Associate Justice of the California Court of Appeal, 2nd District, Division Seven
- In office 2003–Present

= Laurie D. Zelon =

American judge

Laurie D. Zelon is an associate justice of the California's Court of Appeal, 2nd District, Division Seven. Zelon was appointed to the Los Angeles Superior Court in 2000, and she was elevated to the Court of Appeal in 2003. Zelon is a past President of the Los Angeles County Bar Association and has served on a variety of statewide judicial committees, including the California Commission on Access to Justice.

== Education ==
Zelon received her B.A. from Cornell University in 1974. She graduated from Harvard Law School in 1977, and was admitted to the California State Bar later that year.
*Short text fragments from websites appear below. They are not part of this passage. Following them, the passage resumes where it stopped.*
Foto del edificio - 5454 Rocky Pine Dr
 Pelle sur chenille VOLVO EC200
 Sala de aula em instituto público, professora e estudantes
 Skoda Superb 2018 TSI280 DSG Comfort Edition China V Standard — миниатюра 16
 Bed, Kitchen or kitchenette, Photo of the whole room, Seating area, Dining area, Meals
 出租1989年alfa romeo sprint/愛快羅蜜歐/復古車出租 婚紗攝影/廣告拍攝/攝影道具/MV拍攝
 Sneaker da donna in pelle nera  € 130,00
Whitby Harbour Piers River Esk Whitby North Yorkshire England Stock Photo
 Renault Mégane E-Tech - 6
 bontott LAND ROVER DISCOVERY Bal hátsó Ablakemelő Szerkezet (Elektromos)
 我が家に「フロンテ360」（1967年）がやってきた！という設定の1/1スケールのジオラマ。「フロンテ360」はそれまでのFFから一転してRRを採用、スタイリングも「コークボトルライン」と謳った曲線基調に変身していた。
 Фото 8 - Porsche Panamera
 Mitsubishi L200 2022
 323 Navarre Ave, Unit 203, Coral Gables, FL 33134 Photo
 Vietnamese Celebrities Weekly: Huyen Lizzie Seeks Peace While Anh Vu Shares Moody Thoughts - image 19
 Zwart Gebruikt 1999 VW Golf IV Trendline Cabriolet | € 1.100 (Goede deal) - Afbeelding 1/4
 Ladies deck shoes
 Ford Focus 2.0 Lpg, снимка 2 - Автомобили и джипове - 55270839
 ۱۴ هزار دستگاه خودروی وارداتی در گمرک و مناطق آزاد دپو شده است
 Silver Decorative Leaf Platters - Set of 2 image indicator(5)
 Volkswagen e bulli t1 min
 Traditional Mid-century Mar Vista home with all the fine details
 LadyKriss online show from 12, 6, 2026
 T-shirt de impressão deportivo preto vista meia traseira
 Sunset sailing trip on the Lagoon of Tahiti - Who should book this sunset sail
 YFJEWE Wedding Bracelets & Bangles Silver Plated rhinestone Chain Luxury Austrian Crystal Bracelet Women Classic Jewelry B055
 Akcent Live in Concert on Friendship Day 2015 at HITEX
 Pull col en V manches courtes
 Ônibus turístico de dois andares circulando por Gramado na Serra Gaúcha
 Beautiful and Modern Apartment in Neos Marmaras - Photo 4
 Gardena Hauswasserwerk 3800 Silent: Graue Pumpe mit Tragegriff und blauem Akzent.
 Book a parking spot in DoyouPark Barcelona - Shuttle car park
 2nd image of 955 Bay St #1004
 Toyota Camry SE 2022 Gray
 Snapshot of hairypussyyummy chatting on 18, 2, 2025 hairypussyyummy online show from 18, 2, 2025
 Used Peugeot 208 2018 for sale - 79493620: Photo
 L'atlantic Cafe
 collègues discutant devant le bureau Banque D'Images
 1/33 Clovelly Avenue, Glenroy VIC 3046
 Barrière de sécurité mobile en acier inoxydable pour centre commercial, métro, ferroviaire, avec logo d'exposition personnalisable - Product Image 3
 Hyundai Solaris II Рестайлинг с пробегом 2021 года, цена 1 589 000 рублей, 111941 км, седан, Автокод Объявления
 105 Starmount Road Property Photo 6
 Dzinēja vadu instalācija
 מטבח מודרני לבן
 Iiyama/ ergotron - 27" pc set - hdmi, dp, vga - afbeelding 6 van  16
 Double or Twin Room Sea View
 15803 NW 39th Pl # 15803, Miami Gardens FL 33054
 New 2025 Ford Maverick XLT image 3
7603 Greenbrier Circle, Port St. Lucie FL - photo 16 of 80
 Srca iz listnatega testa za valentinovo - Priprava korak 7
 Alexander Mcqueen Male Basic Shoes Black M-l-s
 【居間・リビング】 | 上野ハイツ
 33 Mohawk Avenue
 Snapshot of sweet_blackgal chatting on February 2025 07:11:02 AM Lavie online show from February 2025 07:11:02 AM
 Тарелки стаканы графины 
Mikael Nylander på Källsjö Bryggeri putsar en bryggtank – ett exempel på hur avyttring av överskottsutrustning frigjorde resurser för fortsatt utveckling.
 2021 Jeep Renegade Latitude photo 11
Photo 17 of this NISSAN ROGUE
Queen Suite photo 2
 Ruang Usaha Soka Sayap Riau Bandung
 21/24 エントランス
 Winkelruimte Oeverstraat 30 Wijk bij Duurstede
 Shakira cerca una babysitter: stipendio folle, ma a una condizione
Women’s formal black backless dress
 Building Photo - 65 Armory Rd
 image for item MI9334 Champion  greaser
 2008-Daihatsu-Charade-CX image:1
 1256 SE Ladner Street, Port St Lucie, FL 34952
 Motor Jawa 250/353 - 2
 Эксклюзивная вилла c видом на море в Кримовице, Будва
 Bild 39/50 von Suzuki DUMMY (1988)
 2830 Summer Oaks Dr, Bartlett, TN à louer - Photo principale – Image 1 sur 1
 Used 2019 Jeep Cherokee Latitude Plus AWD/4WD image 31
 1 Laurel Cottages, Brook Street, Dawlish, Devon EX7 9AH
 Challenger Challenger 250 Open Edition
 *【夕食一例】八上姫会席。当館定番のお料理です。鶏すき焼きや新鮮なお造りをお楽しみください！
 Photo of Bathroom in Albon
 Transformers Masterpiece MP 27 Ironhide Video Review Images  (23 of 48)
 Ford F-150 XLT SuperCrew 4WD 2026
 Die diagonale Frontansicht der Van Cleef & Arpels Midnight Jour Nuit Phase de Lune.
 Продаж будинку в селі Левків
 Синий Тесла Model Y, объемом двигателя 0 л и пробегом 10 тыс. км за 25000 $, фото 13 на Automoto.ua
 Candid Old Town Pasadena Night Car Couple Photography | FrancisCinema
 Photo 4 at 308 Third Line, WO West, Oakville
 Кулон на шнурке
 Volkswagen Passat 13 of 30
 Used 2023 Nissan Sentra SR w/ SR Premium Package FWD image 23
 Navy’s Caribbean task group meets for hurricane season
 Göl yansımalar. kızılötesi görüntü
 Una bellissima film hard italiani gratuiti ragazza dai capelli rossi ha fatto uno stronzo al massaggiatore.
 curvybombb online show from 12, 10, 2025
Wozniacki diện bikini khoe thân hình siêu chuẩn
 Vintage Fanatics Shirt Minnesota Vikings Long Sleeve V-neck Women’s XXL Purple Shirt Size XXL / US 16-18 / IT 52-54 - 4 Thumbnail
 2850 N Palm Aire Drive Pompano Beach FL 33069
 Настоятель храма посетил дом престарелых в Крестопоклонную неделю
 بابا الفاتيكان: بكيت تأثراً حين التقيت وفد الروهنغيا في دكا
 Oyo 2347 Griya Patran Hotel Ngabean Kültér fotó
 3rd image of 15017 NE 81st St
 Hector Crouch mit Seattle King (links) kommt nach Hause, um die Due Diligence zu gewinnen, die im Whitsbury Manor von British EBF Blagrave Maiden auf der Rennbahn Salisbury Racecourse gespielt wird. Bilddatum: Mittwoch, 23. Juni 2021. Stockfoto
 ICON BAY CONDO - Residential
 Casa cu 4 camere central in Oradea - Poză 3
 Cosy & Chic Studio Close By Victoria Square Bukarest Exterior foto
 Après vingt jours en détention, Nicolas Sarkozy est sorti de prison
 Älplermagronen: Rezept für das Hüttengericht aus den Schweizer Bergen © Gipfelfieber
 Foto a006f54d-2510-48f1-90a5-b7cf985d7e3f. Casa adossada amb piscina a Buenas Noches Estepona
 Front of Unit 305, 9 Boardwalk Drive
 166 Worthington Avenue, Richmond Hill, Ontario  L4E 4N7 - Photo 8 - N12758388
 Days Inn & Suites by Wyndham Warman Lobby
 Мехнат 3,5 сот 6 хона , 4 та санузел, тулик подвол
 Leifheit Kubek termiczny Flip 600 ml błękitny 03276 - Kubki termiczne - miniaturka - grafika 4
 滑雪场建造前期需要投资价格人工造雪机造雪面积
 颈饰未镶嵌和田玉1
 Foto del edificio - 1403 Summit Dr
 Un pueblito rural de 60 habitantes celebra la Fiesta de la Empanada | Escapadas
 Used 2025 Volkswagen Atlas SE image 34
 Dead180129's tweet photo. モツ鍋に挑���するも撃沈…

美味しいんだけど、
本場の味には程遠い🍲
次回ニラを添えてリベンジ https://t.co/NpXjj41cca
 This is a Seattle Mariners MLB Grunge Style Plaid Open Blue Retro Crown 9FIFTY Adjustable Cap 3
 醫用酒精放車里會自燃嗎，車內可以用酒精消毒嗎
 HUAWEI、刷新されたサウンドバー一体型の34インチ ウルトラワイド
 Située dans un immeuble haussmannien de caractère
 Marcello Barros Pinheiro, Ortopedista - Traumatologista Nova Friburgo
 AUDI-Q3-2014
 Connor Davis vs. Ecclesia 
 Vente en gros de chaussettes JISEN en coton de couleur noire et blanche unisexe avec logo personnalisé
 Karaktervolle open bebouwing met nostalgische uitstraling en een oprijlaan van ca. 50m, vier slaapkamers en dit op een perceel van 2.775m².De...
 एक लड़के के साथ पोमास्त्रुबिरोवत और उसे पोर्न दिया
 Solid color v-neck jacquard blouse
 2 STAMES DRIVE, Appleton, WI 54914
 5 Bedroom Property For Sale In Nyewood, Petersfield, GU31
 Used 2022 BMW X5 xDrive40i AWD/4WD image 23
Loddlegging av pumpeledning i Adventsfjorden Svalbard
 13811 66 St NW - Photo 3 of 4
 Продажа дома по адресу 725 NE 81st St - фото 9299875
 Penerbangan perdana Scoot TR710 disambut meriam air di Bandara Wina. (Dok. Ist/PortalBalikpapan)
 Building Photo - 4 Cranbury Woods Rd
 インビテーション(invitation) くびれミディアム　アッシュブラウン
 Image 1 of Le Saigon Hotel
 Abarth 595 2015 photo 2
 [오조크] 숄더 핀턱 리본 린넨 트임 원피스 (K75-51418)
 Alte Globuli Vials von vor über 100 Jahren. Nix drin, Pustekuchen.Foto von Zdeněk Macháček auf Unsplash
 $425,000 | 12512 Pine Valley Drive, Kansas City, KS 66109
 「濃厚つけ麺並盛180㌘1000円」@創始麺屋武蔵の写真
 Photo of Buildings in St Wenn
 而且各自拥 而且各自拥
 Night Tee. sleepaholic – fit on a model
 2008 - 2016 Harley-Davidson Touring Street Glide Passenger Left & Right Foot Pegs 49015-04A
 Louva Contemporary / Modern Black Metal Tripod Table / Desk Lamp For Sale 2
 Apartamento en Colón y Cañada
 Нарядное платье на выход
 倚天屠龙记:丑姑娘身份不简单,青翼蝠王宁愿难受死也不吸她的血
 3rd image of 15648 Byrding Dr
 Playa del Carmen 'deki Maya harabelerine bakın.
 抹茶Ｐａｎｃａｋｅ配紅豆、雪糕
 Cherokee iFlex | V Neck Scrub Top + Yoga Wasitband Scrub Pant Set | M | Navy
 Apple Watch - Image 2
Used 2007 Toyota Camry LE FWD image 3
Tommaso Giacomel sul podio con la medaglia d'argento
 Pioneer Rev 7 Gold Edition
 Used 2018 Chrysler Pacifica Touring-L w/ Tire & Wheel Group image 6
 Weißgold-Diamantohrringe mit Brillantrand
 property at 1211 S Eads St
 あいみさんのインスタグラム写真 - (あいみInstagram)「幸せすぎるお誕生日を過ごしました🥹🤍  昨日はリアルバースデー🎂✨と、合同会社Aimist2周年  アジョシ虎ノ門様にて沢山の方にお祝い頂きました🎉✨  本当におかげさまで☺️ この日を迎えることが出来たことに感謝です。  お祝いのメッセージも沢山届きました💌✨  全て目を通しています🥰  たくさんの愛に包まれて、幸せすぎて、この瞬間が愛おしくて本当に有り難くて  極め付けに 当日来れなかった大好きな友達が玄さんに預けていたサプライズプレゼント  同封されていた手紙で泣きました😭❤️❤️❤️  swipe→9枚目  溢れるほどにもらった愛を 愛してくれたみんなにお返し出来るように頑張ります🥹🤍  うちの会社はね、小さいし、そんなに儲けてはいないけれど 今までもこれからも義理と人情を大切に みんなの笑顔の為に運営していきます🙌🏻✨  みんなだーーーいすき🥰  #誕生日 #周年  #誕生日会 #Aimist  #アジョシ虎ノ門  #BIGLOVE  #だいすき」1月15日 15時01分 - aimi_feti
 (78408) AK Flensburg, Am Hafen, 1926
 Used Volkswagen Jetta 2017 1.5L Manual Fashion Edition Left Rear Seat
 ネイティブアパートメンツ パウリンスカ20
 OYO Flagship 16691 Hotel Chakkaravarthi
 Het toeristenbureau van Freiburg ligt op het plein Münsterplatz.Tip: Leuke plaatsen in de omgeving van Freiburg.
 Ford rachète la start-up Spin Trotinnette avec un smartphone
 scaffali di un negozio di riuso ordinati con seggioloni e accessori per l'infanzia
She was an associate, and then a partner at the Beardsley, Hufstedler & Kemble law firm and its successors from 1977 to 2000. While in private practice, she specialized in complex litigation involving scientific and technical issues, fiduciary obligations, and large-scale commercial disputes.

== Awards ==
An award for pro bono legal advocacy is named after Zelon — the Laurie D. Zelon Pro Bono Award of the Pro Bono Institute of Washington, D.C. — and she was the first recipient. Zelon has also received the William Reece Smith Jr. Special Services to Pro Bono Award, the Charles Dorsey Award from the National Legal Aid & Defenders Association, and Loren Miller Legal Services Award from the State Bar of California, and the Benjamin Aranda Access to Justice award.